São Paulo, Santiago e Buenos Aires, segundo os pesquisadores, têm em comum o fato de serem as principais metrópoles de seus países, embora a cidade brasileira não seja capital nacional, como nos demais casos. “Todas foram atingidas pelas políticas neoliberais, multiplicaram suas centralidades, reconfigurando a densidade, ocupação e uso do território, por diversos processos de concentração, bem como passaram a ser objetos de planejamentos estratégicos. Elas são metrópoles importantes da América Latina e passam por processos contemporâneos de transformação que desafiam o pensamento sobre as cidades, motivando o fortalecimento de cooperação e de realização de pesquisas conjuntas.”
Cidade fragmentada
Com uma experiência de quase quatro décadas acompanhando e pesquisando o desenvolvimento das metrópoles de diversos países, o arquiteto e urbanista Carlos de Mattos foi um dos especialistas que participaram da conferência “Globalização e Revolução Urbana na América Latina”. Professor da Pontifícia Universidade Católica do Chile e diretor da Revista Latino Americana de Estúdios Urbano Regionales, Mattos lembra que “cada cidade é uma experiência única”. Porém, aponta uma tendência comum entre Buenos Aires, Santiago e São Paulo: “Os interesses imobiliários vêm criando bairros fechados. São uma espécie de condomínios que acabam tendo suas próprias escolas, supermercados, clubes, escritórios, empresas, shoppings, centros de conferência”.

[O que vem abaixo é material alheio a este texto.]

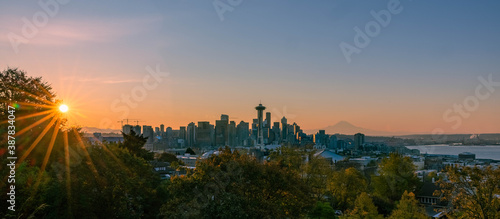 Sunrise from Kerry Park, Seattle, WA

Mattos compara Alfaville ao bairro de Piedra Roja, ao norte de Santiago. “Esses bairros privilegiados acabam gerando, nas proximidades, um outro bairro pobre, onde residem as pessoas que trabalham naquelas casas e servem como apoio desses espaços fechados.”
A violência, o trânsito e os interesses imobiliários têm, segundo o especialista, impulsionado a tendência dos bairros fechados. “Há aspectos muito negativos nessa tendência: ela cria uma sociedade individualista. As pessoas acabam deixando de considerar a cidade como um todo. A cidade vai ficando cada vez mais fragmentada.”
Mattos conta que há poucos meses esteve na Cidade do México e ficou impressionado com os limites impostos pelos bairros fechados. “Eu gosto muito de caminhar. Pensei em dar uma volta de 40 minutos. Atravessei a avenida e só consegui voltar depois de três horas porque todas as ruas estavam bloqueadas pelos muros altos dos condomínios.”
Na avaliação do especialista, São Paulo precisa, com urgência, repensar os espaços públicos, garantir a urbanização das favelas e a educação nas escolas públicas. Porém, elogiou as iniciativas para recuperar o centro histórico e a despoluição visual da cidade.